Citizen Portal

Rochester council approves conditional use permit to place excavated fill in flood-prone area, amid resident concerns

Rochester City Council · February 18, 2026

Get AI-powered insights, summaries, and transcripts

Subscribe
AI-Generated Content: All content on this page was generated by AI to highlight key points from the meeting. For complete details and context, we recommend watching the full video. so we can fix them.

Summary

The council approved Conditional Use Permit CD2025-0007 to allow placement of excavated fill in a 100-year flood-prone subdistrict for future multifamily development, with three conditions and staff review; neighboring residents warned of increased flooding, erosion and traffic risks.

The Rochester City Council voted 5–1 on Feb. 18 to adopt a resolution approving Conditional Use Permit CD2025-0007, allowing the placement of excavated fill within a 100-year flood-prone subdistrict to provide compensatory stormwater storage for a future multifamily project.

City staff presented the application for ML Group I LLC, saying the permit pertains only to excavation and placement of fill and does not grant building permits or final plats.
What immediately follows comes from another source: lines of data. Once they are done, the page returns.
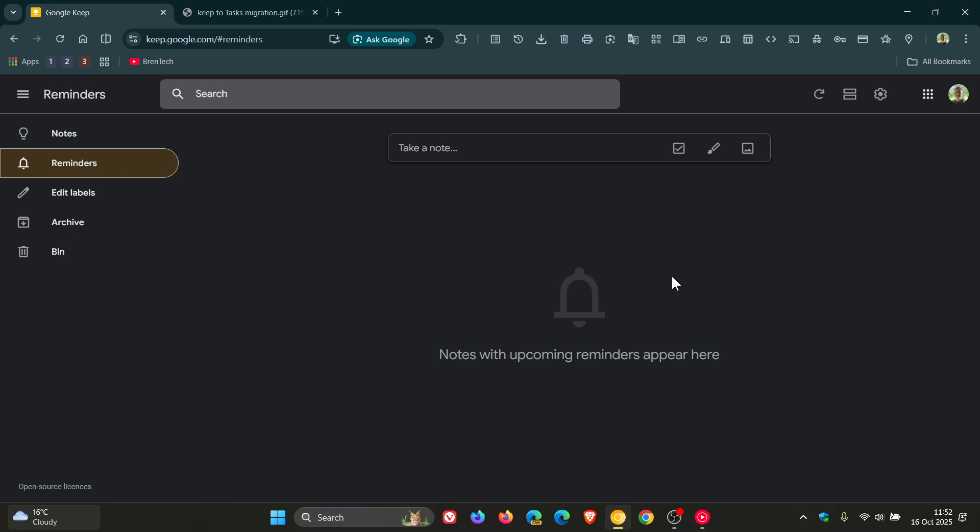And the rollout started on the 13th of October and should be finished by the end of this month.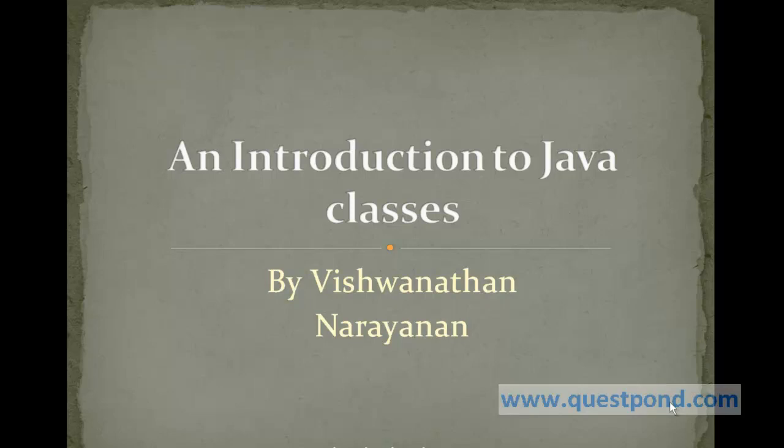Since Java is an object-oriented language and most object-oriented languages support the concept of classes, let's get introduced to Java classes.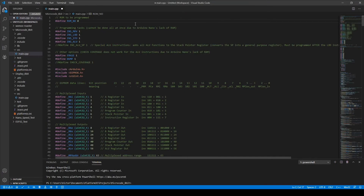Hello again! Today we will be taking a look at our microcode and how I have organized instructions and how I have programmed the EEPROMs.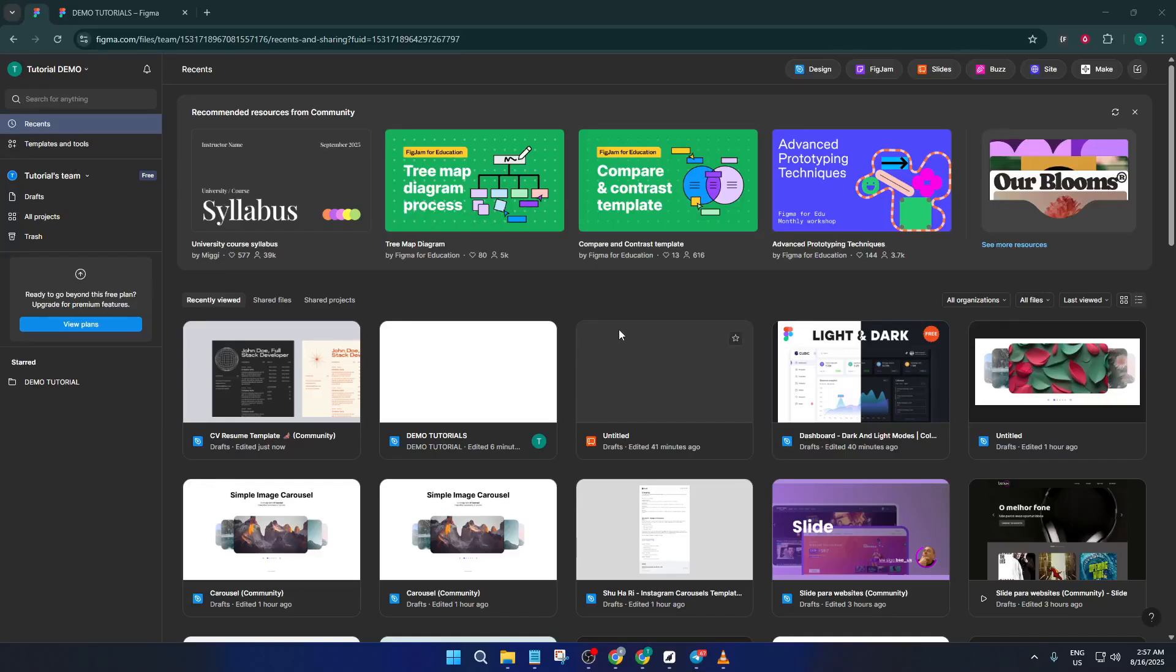Hey everyone, welcome back. Today I'm going to show you how to create a clean, professional CV or resume in Figma, and the best part is you won't have to start from scratch.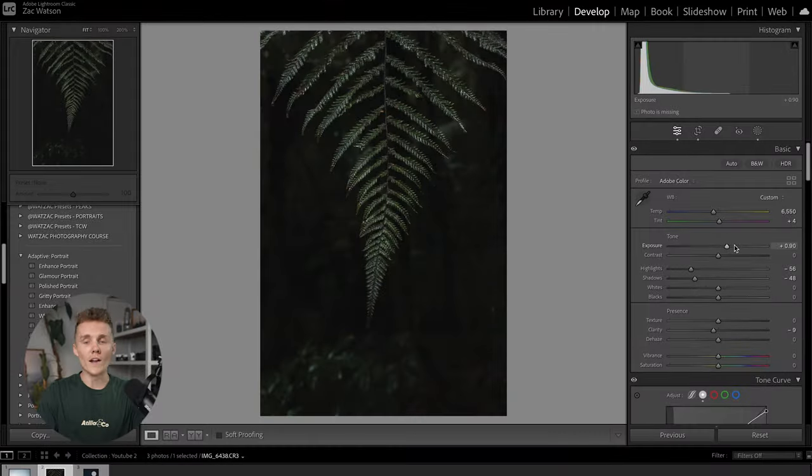Hey guys, and welcome back to a brand new video. Today, we're going to be diving into Lightroom Classic and I'm going to be walking you through my top 11 little tips, tricks and hacks to speed up your workflow like no tomorrow. So without further ado and without wasting any more time, let's dive into Lightroom Classic.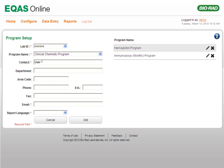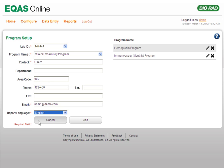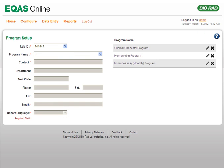Enter the name of the contact person for this program in the Contact field. Enter other details such as department, area code, phone number with extension, fax number, and the email address of the contact person in the appropriate fields. You can specify the language in which you want the reports to be created by using the Report Language list. Finally, click Add to add the eQAS program.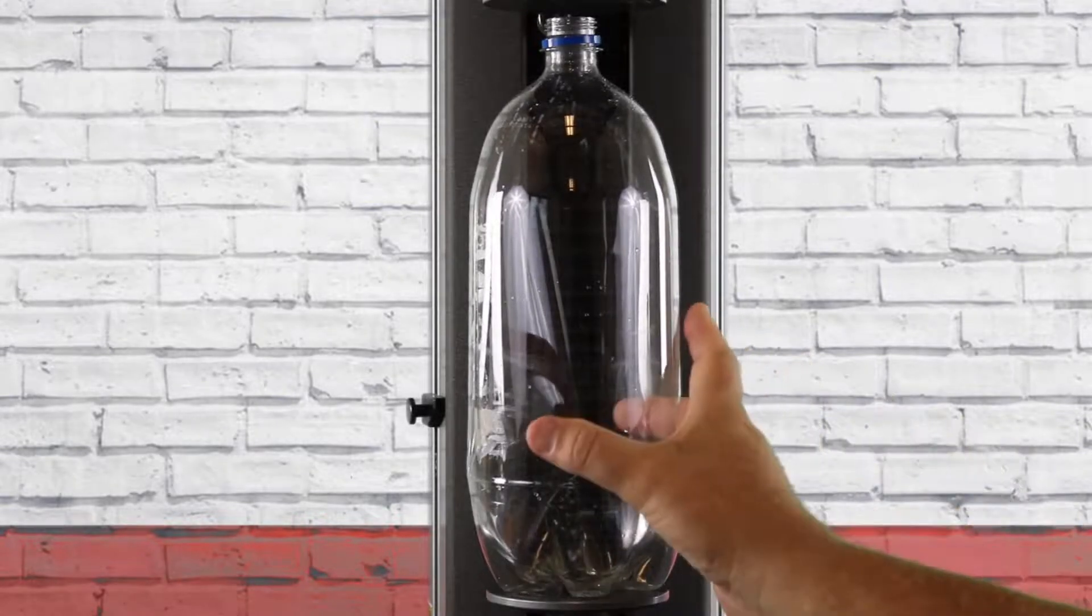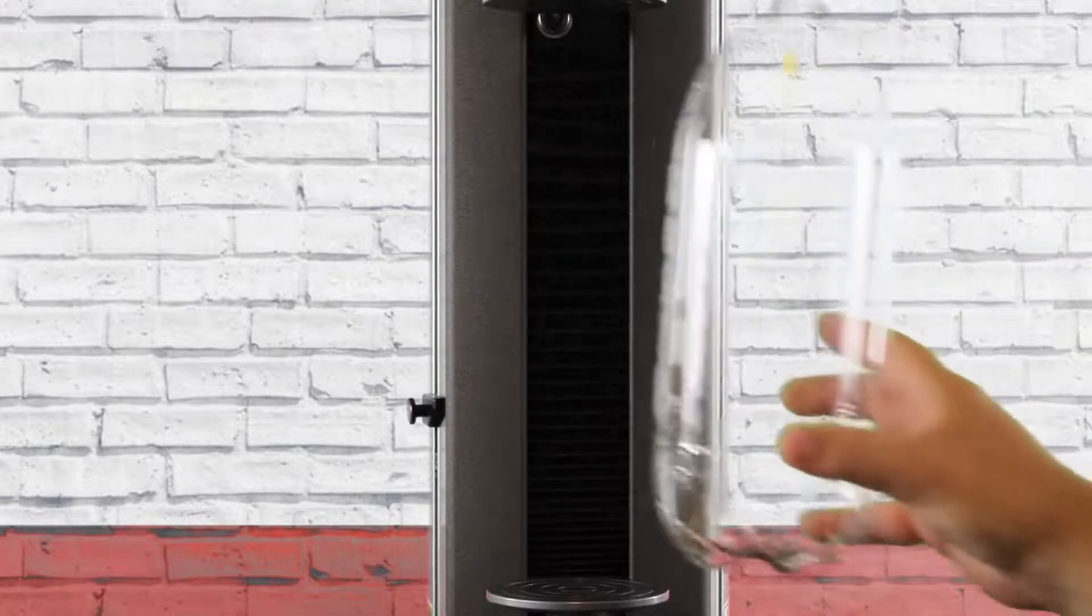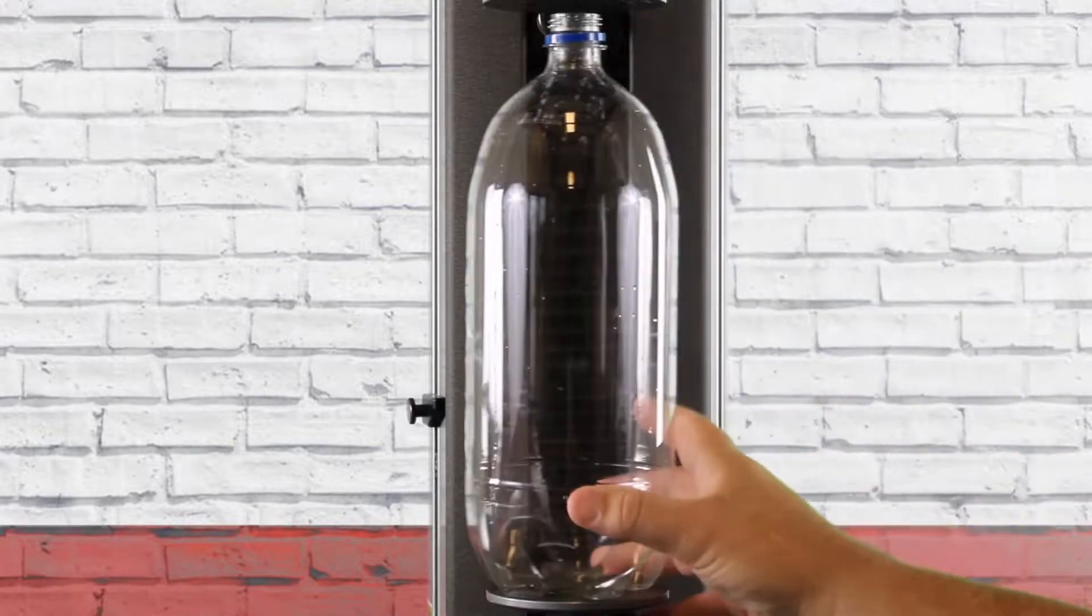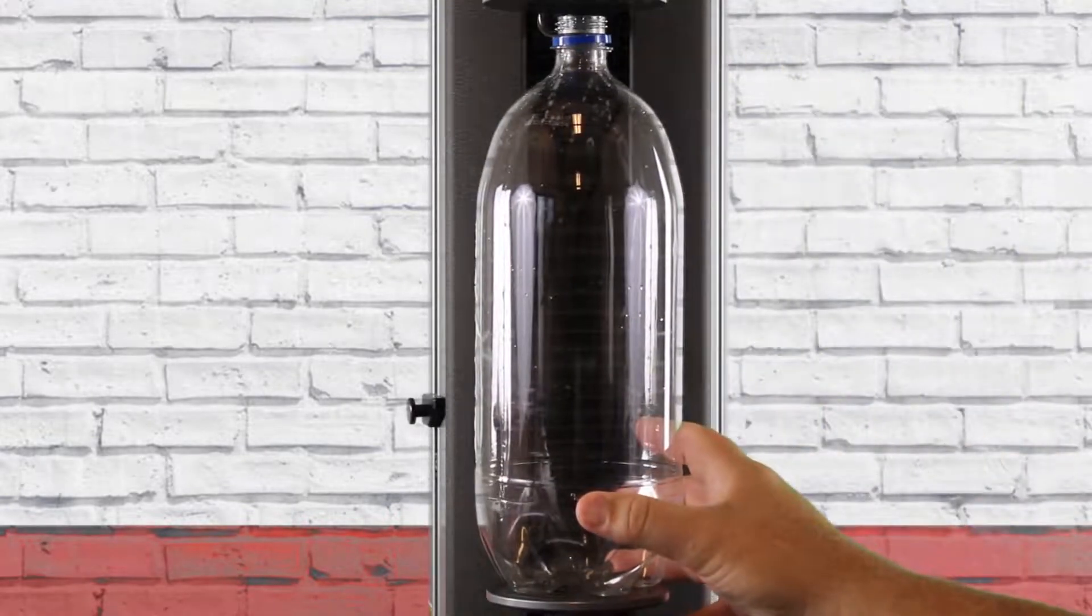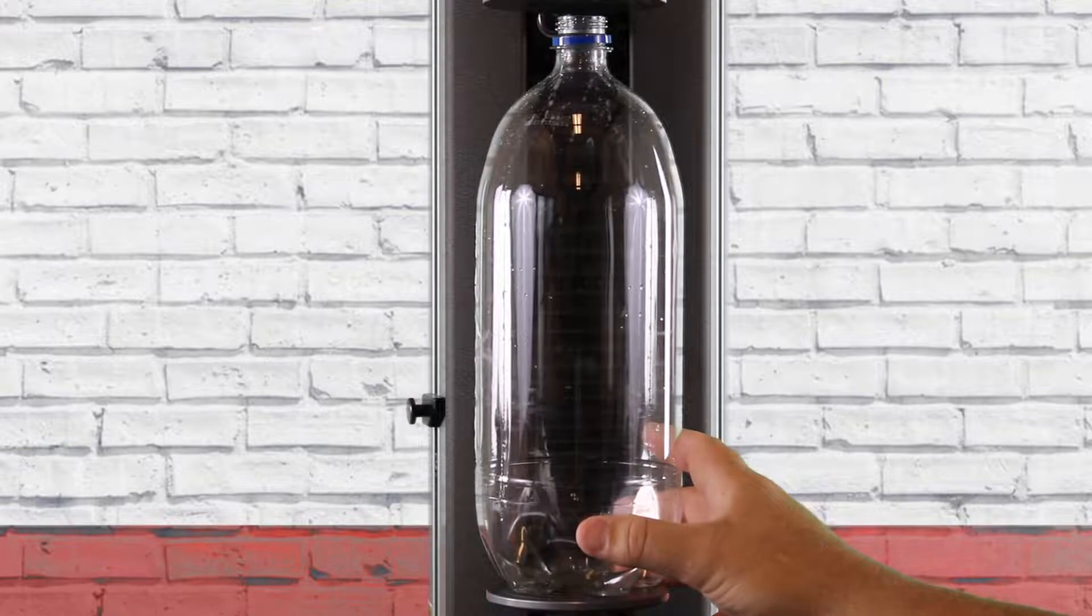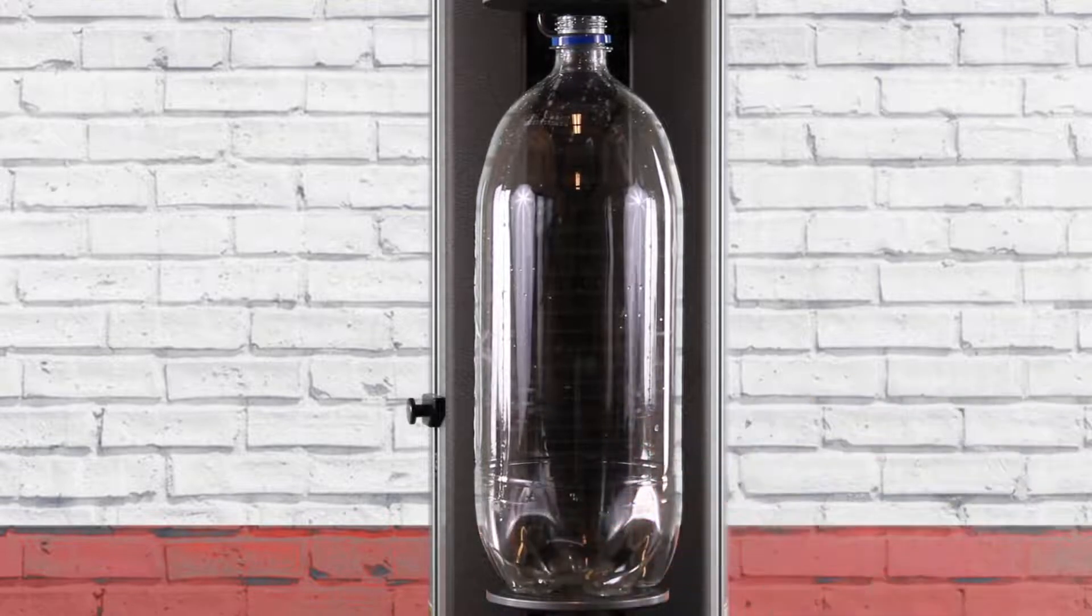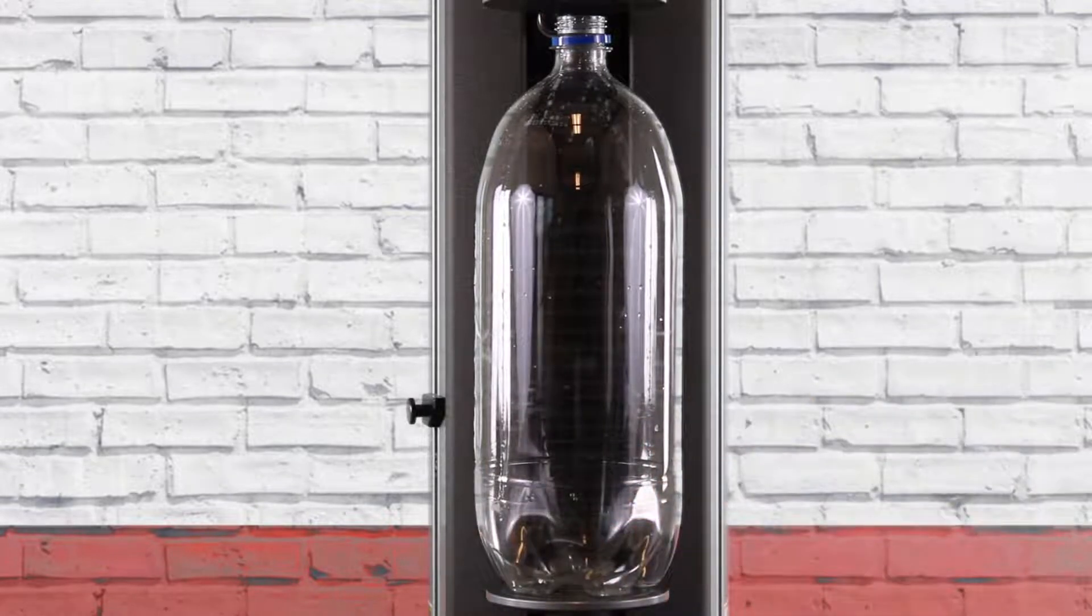Let's go ahead and reset the bottle for one more test, so we'll put it in there and let's do one more.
Elliot Mueller of Rochester Community Development told the council the development review team and planning commission recommend approval with three conditions tied to subsequent grading, wetland review and a future floodplain permit for structures and roads.

Opponents, including Meadowlakes homeowners, pressed the council on hydrology and long-term effects. "Once that dirt is pulled out of the ground and piled up in another place, you've changed nature's fully functional flood plain, and it won't be undone," said Matt Puffer, representing the Meadowlakes homeowners association. Puffer and other residents pointed to a significant 2019 flood and questioned pond depths, groundwater elevations and whether redirecting flows could increase erosion and worsen water quality in Cascade Creek.

Applicant Bill Toyton of WCE Engineering said the project team provided a Barr Engineering memorandum indicating "no rise" from the proposed excavating and filling. Toyton explained the project requires a mass grading plan, FEMA map revisions, and additional traffic and site-plan reviews before any building permits would be issued. He said the submitted compensatory-storage calculations and preliminary grading plans have been reviewed by City Public Works.

Council members asked staff how the proposed work would be validated during and after construction. Staff said the county acts as the local floodplain administrator, DNR would be involved if state waters are affected, and the city would require final approval of grading plans and any wetland impact permits before earth-moving begins. Councilmember Miller sought clarity on how groundwater elevations were handled and whether models use historic or projected rainfall; staff said modeling used current rainfall charts and that the city's stormwater team is updating broader surface-water-management approaches.

Councilmember Palmer moved the resolution, the motion was seconded and passed 5–1 with Councilmember Miller recorded as the lone "nay." The approval includes the three staff-recommended conditions: full grading-plan approval by Public Works before moving dirt; approval through the technical-evaluation panel and Olmsted County for any proposed wetland impacts; and a second floodplain development permit for buildings and roads.

The decision does not authorize any construction beyond earthwork, and staff told the council that additional permits and reviews remain before development can proceed.